On a un peu l'impression que, lorsqu'il s'agit de la grande distribution, tout est critiquable, mais que, lorsqu'il s'agit de l'industrie, tout est louable.
Le raisonnement que vous développez, monsieur le sénateur, pourrait tout à fait être transposé au secteur de l'automobile. Que font les constructeurs automobiles français qui s'implantent dans des pays émergents, sinon du sourcing ? Ils recourent soit à la main-d'oeuvre locale - ce qui semble assez logique lorsqu'ils produisent sur place - soit à des sous-traitants locaux. Personne ne déplore cette situation, qui profite d'ailleurs grandement à nos constructeurs automobiles : ils trouvent de nouveaux consommateurs et, dans le même temps, développent leurs propres installations, leurs centres de recherche et mobilisent leurs ingénieurs en France même, là où les projets sont conçus.
Nous devons autant que possible faire preuve d'une certaine neutralité vis-à-vis des stratégies des grands groupes français et non sombrer dans la facilité en faisant systématiquement de la grande distribution l'éternel mouton noir.
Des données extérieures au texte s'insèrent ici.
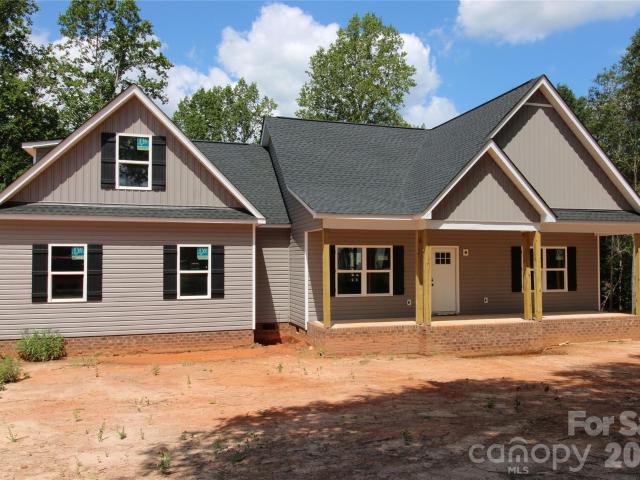 House for sale in Clover, South Carolina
Nous sommes ici pour sanctionner des pratiques de la grande distribution lorsque c'est nécessaire. Faisons-le avec réserve et reconnaissons que notre pays a bénéficié du développement de ce modèle de commerce : si, aujourd'hui, un certain nombre de PME accèdent à des marchés nouveaux, c'est parce qu'elles sont entraînées dans le sillage de commerçants qui y sont déjà installés.
C'est tout particulièrement le cas en Chine. Monsieur le sénateur, peut-être avez-vous eu l'occasion d'y visiter une grande surface dont l'enseigne n'était pas sans vous rappeler une enseigne familière : vous y aurez alors découvert des produits français. Sans cette enseigne, ces produits, surtout s'ils proviennent de PME, n'auraient pu ni être exportés ni atteindre aussi facilement les consommateurs locaux !
En France, on désigne facilement le commerçant comme le coupable. Il l'est parfois et, dans ce cas-là, il faut le sanctionner. Pour autant, il ne faut pas faire deux poids deux mesures et approuver la stratégie des groupes français qui essaient de s'installer dans des pays émergents quand il s'agit de groupes industriels et la désapprouver lorsqu'il s'agit de la grande distribution.
Notre intérêt est d'avoir, dans tous les secteurs, des groupes français dynamiques, entreprenants, qui favorisent l'exportation des marques françaises, des produits français, y compris ceux des PME.
Monsieur le sénateur, vous le savez bien, nous n'exportons pas assez. C'est même notre problème ! Ne laissons pas les Français croire qu'il n'est pas bon qu'une entreprise française s'installe à l'étranger. Au contraire, aujourd'hui, notre économie doit développer tout ce qui favorise l'exportation des produits français.